Mr Scorsese is less disapproving. Having last made a children's film, "Hugo", perhaps he was in the mood for some swaggering, testosterone-drenched, adult-oriented entertainment. Whatever the reason, "The Wolf of Wall Street" is his most exuberant and overtly comic film: a frequently hilarious, manically energetic cavalcade of drug cocktails, naked blondes, helicopter crash-landings, and obscene spending sprees.
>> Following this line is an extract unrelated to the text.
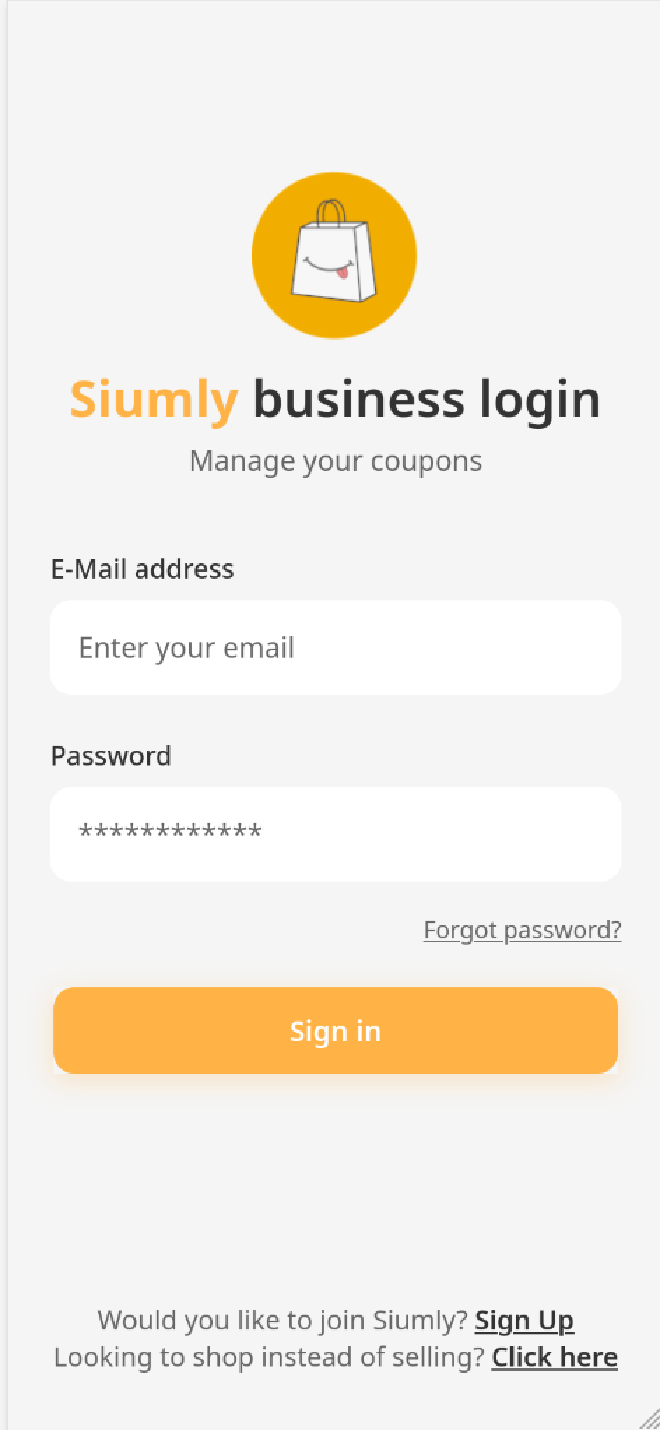 Business app login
It isn't just studded with wild parties; the whole film is a wild party.

Still, the rowdiest parties are also the most tiring. "The Wolf of Wall Street" is, essentially, a string of hair-raising anecdotes, and while all of them are funny, outrageous and masterfully told, very few of them advance the plot or deepen the characterisation, so they become exhausting. It takes about half an hour for the hard-working Dr Jekyll to mutate into a hedonistic Mr Hyde, and from then on the film just keeps charging from one orgy to the next until the inevitable day when the FBI agent makes his move. It's a wisp of a narrative, given the three-hour running time—Mr Scorsese's longest ever.
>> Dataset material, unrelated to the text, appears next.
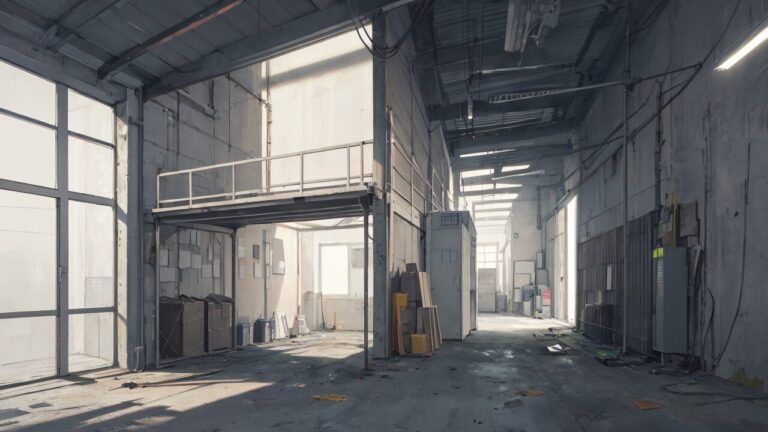 倉庫/廃墟/イラスト素材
Anyone who's seen "Raging Bull" or "Goodfellas" will be waiting for the film to dig beneath the surface of the alpha-male anti-hero, and expose the self-loathing that makes him so reliant on drugs, prostitutes and designer suits. But the screenplay (by Terence Winter) is too carried away by the bacchanalian bad behaviour to concern itself with Belfort's psyche. Instead, it presents him much as he'd present himself, and leaves the moralising to the viewer.

Why is "The Wolf of Wall Street" so soft on Belfort? Maybe it's because Mr Scorsese, too, was a New Yorker from an unglamorous background who barged into the big time with motormouthed assurance before developing a severe cocaine addiction. When Belfort is shown handing out scripts to his employees, and pumping them up with inspirational speeches, he could be a film director himself: the uninhibited, live-wire Mr DiCaprio sometimes even looks and sounds like a younger Mr Scorsese. But whatever the similarities between Mr Scorsese and Belfort, the latter was still nothing more than a dissolute swindler—and that's about all the film has to say on the matter. Still, it is possible to enjoy the rip-roaring party Mr Scorsese has thrown him without feeling that he is interesting enough to deserve it.